For non-accelerated filers, the proposal would:
- Eliminate the requirement to hold Say-on-Pay votes (and related Say-on-Pay- Frequency and Say-on-Parachute-Payment votes).
- Eliminate the CD&A requirement for the company’s proxy statement.
- Reduce the number of officers for which compensation disclosure is required to the CEO and two other highest-paid officers (and up to two former officers).
- Limit the Summary Compensation Table to two years of data
- Eliminate many tabular disclosures relating to executive compensation, including (but not limited to) the Grants of Plan-Based Awards Table, Option Exercises and Stock Vested Table, and Pay Versus Performance Table.
- Eliminate the CEO Pay Ratio Disclosure.
Small non-accelerated filers would be subject to the same disclosures as other non-accelerated filers, but with extended filing deadlines: an additional 30 days to submit their 10-K and an extra five days for 10-Q filings.
Elimination of Internal Controls Audit Requirement
In addition to reduced disclosures, non-accelerated filers would no longer have to obtain an auditor attestation for their financial reporting internal controls.

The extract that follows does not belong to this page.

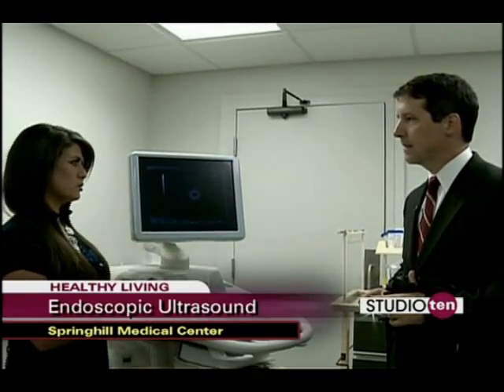Who would be a candidate to get this procedure? Anyone that has any type of GI tumor. A lot of the times we're using this for esophageal cancer, gastric cancer, pancreatic cancer, rectal cancer, and even when visualizing for chronic pancreatitis or bile duct stones.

And There’s More: SEC Proposal on Registered Offerings
The SEC has also proposed significant changes to the rules and forms governing registered offerings, notably those made on Form S-3. This topic falls well outside the scope of equity compensation (S-3 registration statements are typically used for secondary offerings, not shares offered through equity plans), which also puts it outside the scope of the NASPP Blog. TheCorporateCounsel.net has a great summary of the proposal.
More Information
Numerous law and consulting firms have issued memos discussing the SEC’s proposals. Here are a few to check out: Compensia, Cooley, WTW, and Venable.
Submit a Comment on the Proposal
The SEC is accepting comments on the proposal through July 20, 2026.